WHAT YOU ARE ASKED TO DO: Copy the records below exactly, but leave out any picture they contain.

'''

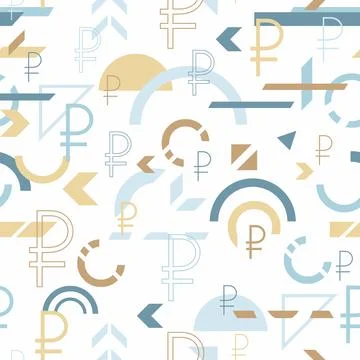 Russian rouble icon vector geometric seamless background Stock Illustration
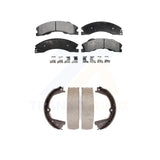 Front Rear Semi-Metallic Brake Pads & Parking Shoe Kit For Nissan NV2500 XD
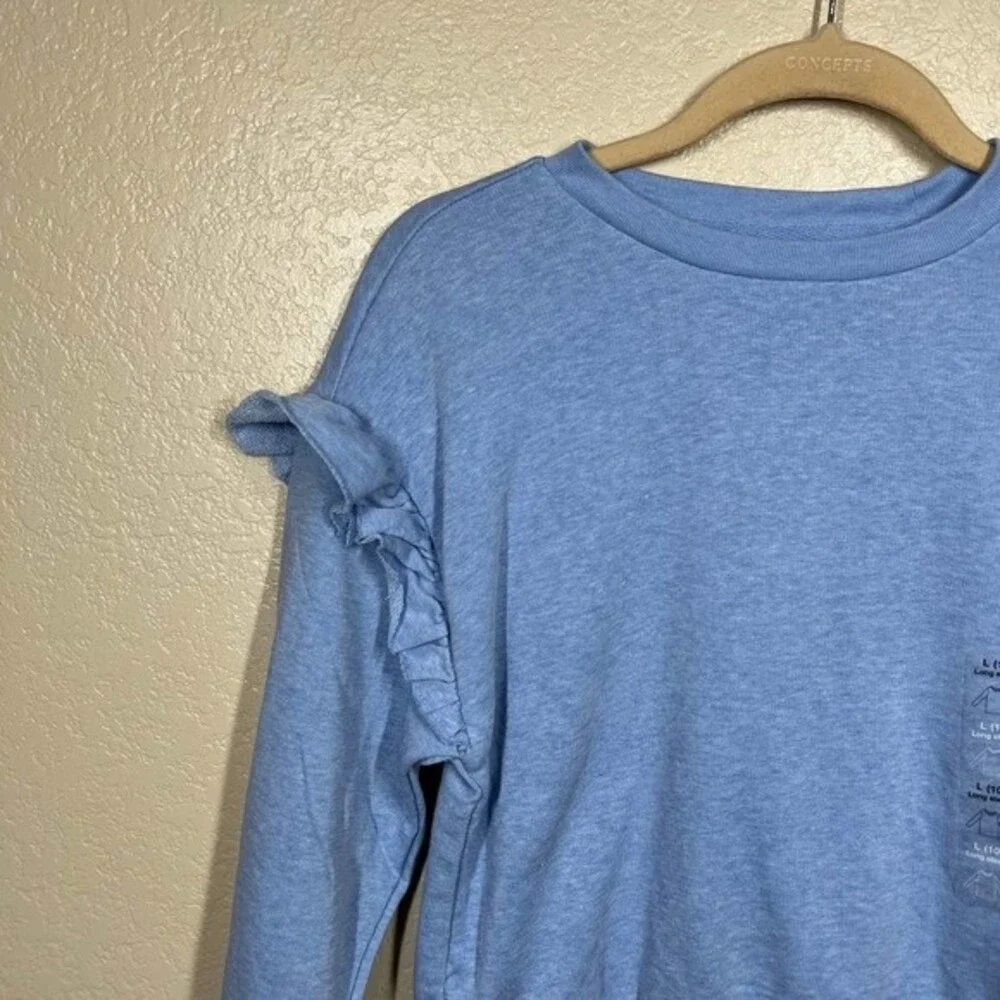 Gap kids blue sweater long sleeve sweatshirt ruffle detail on sleeve size L(10)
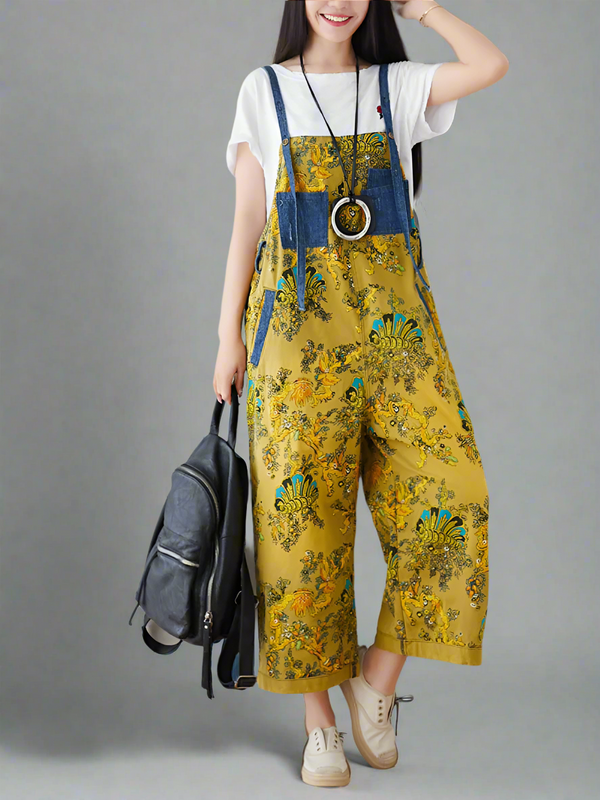 Floral Printed Front And Back Pockets Overalls Dungarees
Floral Printed Women Dungarees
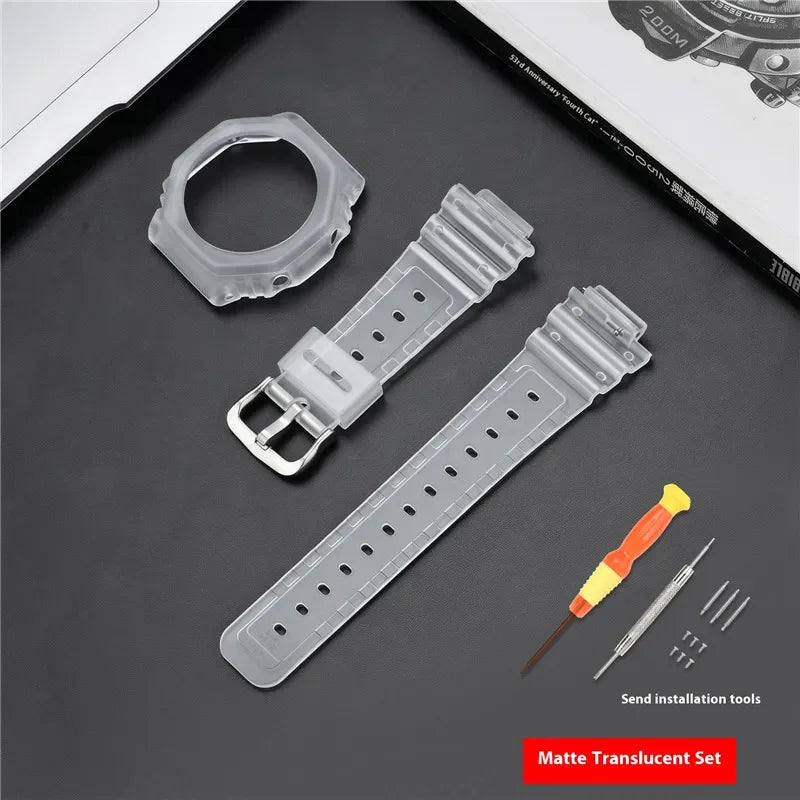 Bracelet de montre en résine pour Casio G-SHOCK GA-2100 GA-2110, Kit de modification de bracelet de montre en caoutchouc étanche pour hommes, avec outils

'''

ANSWER TO THIS TASK:
 Russian rouble icon vector geometric seamless background Stock Illustration
 Front Rear Semi-Metallic Brake Pads & Parking Shoe Kit For Nissan NV2500 XD
 Gap kids blue sweater long sleeve sweatshirt ruffle detail on sleeve size L(10)
 Floral Printed Front And Back Pockets Overalls Dungarees
Floral Printed Women Dungarees
 Bracelet de montre en résine pour Casio G-SHOCK GA-2100 GA-2110, Kit de modification de bracelet de montre en caoutchouc étanche pour hommes, avec outils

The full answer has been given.